Spark Scheduling in Kubernetes

Palantir
Palantir Blog
Published in
9 min readMay 16, 2019

--

This is the second post in our blog series on Rubix, our effort to rebuild our cloud architecture around Kubernetes.

In 2018, as we rapidly scaled up our usage of Spark on Kubernetes in production, we extended Kubernetes to add support for batch job scheduling through a scheduler extender. In particular, we sought to mitigate problems from partial scheduling during cluster oversubscription. This blog post introduces our open-source k8s-spark-scheduler extender, explains how it works, and provides insight into the results we’ve seen running it in production at Palantir.

Introduction

As long-term, enthusiastic participants of the Spark community, we were excited to use Spark as one of the frameworks for executing user-authored code within Palantir Foundry. Foundry provides our customers with a common data platform for complex data analyses and transformations. Foundry executes two different classes of workloads: short-lived dedicated-use Spark applications for batch processing, and long-lived multi-tenant Spark applications that serve interactive user queries. Today, we run tens of thousands of Spark applications daily on thousands of hosts across hundreds of environments.

The first post in this series tells the origin story of Rubix: Palantir’s deployment infrastructure team decided to migrate Foundry’s cloud architecture to Kubernetes and thus committed to supporting secure multi-tenant Spark clusters on top of Kubernetes. The first step was an open-source effort (in conjunction with engineers from multiple organizations) to add Kubernetes support to Spark. While this endeavor was successful in the sense that it merged to mainline Spark and worked well for individual Spark applications, Kubernetes support for multi-container batch workloads was still immature compared to YARN. We developed k8s-spark-scheduler to solve the two main problems we experienced when running Spark on Kubernetes in our production environments: unreliable executor scheduling and slow autoscaling.

Spark on Kubernetes

Kubernetes objects such as pods or services are brought to life by declaring the desired object state via the Kubernetes API. A Kubernetes controller continually observes the difference between desired and actual state and takes steps to achieve the desired state, for example, by launching new pods on machines with unused compute resources.

Spark applications consist of a single-driver process (aka “master”) and a variable number of executors (“workers”).

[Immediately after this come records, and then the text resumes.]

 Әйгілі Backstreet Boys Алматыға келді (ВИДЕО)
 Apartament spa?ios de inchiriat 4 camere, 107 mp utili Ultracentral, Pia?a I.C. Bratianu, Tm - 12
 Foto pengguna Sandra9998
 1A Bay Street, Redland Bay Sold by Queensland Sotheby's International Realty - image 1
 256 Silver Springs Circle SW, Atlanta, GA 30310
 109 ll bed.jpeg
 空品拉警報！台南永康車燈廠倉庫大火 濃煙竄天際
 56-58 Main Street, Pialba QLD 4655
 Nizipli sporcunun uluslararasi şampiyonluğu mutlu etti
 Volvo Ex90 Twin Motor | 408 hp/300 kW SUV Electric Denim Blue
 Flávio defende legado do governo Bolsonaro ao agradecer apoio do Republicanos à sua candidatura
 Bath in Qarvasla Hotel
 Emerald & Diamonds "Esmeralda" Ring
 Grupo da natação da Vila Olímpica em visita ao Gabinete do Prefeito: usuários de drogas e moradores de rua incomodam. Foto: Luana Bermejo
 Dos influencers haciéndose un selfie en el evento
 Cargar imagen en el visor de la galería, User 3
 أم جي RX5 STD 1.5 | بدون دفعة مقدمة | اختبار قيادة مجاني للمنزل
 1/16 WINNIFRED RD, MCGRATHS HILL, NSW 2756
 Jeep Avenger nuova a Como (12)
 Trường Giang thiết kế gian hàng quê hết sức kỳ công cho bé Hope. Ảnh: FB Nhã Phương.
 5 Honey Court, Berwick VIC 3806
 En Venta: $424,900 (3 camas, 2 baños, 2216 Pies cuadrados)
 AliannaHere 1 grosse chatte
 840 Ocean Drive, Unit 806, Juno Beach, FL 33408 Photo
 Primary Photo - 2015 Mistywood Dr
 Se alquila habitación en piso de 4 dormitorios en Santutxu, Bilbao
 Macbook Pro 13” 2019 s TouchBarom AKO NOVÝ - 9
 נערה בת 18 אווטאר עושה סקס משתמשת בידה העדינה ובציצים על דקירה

When executed on Kubernetes, the driver and the executors are all executed as separate pods which are launched in a two-step process: first, the Spark client launches the driver pod, then the driver pod itself launches the executor pods.

The upside of this design is that the driver itself is in charge of managing its executors, for instance in order to dynamically scale up the cluster. However, this design decision has a critical downside: the scheduler has no idea how many executors the driver will need until after the driver has successfully started. This doesn’t pose a problem in clusters with abundant resources, but when the cluster is “too small” for the number of Spark submissions, a client could theoretically saturate the cluster with drivers. In this scenario, none of the drivers would acquire executors, so no work could be completed. In practice, we observed a more localized version of the problem: occasional, unlucky applications would get executor-starved, leading to unpredictable performance degradation.

Additionally, because the pods from different Spark applications were scheduled individually and in (relatively) arbitrary order, it was possible for small applications to skip ahead of larger ones. This led to higher rates of resource starvation — and subsequent performance degradation or failure — amongst larger, more expensive workloads. Let’s look at a simple example:

Example: Two applications, A (blue) and B (pink), are to be launched. Note that pods for drivers and executors of different applications may occur in arbitrary order, e.g., executor A.3 occurs after driver B. Let’s assume that the cluster has sufficient free resources to launch pods for driver A, executors A.1 and A.2, as well as driver B. It is possible that the cluster now has insufficient resources for the expensive executor A.3, but sufficient resources for the cheaper executor B.1. Thus, the cheaper application B was launched successfully, while the more expensive application A is still waiting for executor A.3 before it can make progress.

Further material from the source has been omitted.